Patients with stable chest pain are at low risk of clinical events, regardless of the choice of diagnostic test, the authors concluded. They confirmed that patients with stable chest pain are at lower risk for clinical events than previously thought, despite having a pretest probability of obstructive disease according to traditional risk-scoring systems.
Two-thirds of all noninvasive imaging tests for suspected coronary disease are negative or represent nonobstructive disease, the group noted.
How to examine patients
The SCOT-HEART results favor the combination of treadmill testing followed by CCTA as a first-line diagnostic strategy that enhances certainty and shows a trend toward reducing cardiac events over treadmill tests alone.
CCTA may be favored if additional CT imaging is required, such as a triple rule-out study for suspected pulmonary embolism or aortic dissection. It may also be favored if an intrathoracic pathology such as pericardial disease is suspected, or if CT is expected to alter patient management, the team wrote.
Stress echocardiography or cardiac MR might be preferred in a highly radiosensitive population, or when valvular, pericardial, or congenital abnormalities are suspected. ETT alone might be enough in a radiosensitive population or to cut costs in a very low-risk population, the authors wrote.
"These are more nuanced choices" that doctors can make, Fordyce said. "When are you going to choose one or the other?

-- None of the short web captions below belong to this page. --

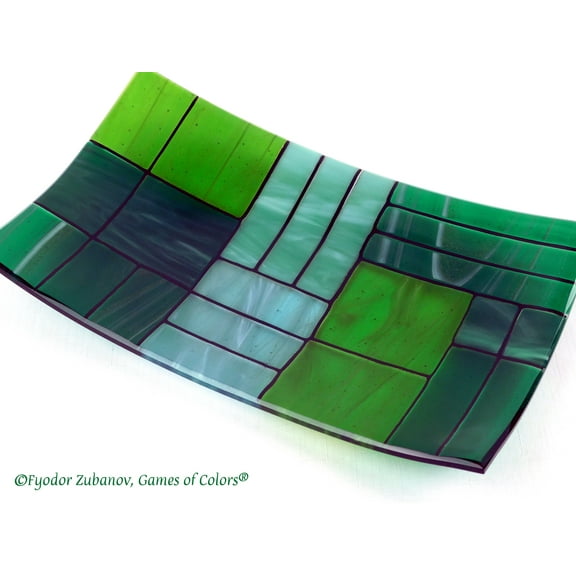 A rectangular fused glass plate "A Gentle color mix - Greens"
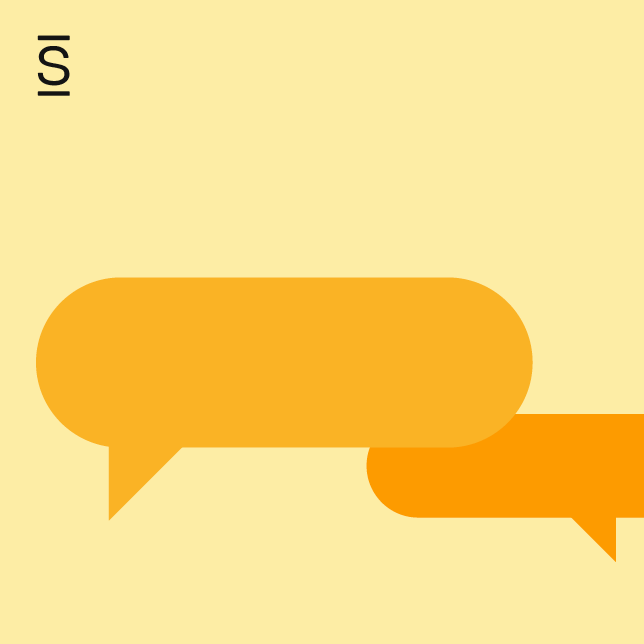 Communicative compliance - two orange speech bubbles on light yellow background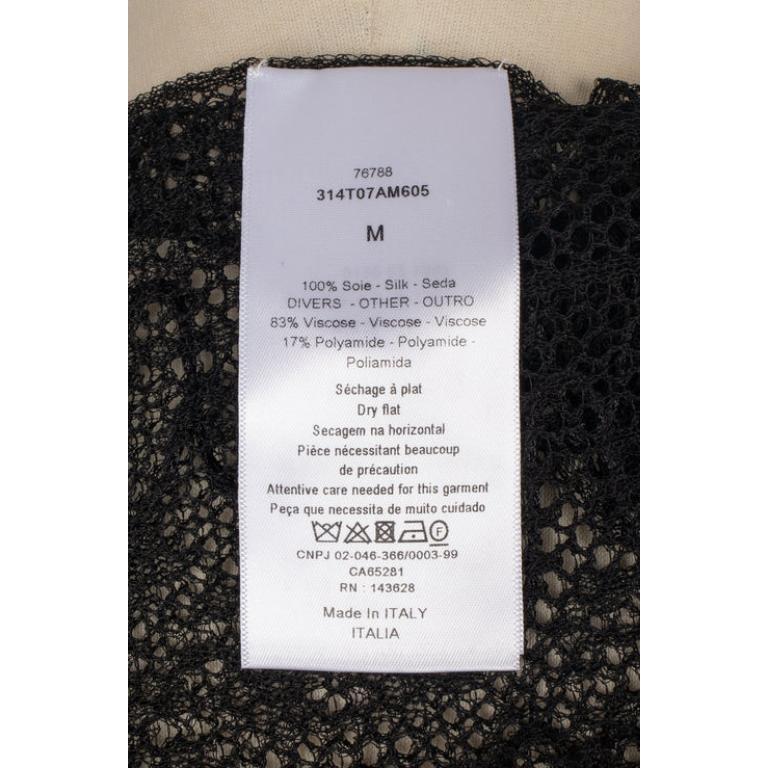 Christian Dior Black Crocheted Silk Hemstitched Top, 2025 9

If you're seeing a patient and you're worried they might also have valvular disease and they're short of breath, don't do a CCTA, get an echo. Or if they're young, maybe they're female and they're having chest pain, you may want to shy away from a nuclear scan where you're going to expose them to radiation. Maybe you want a treadmill if your pretest probability is on the lower limit. It's sort of to say we can be a little bit thoughtful now that we can order either/or."
Fractional flow reserve CT (FFRCT) is going to be a useful tool going forward because it can provide information on obstructive disease and ischemia in a single CT exam, he added.
Finally, a study presented at the American College of Cardiology meeting last year found that CCTA costs are reasonable in that it doesn't find excessive disease that drives up costs and procedure numbers, Fordyce said.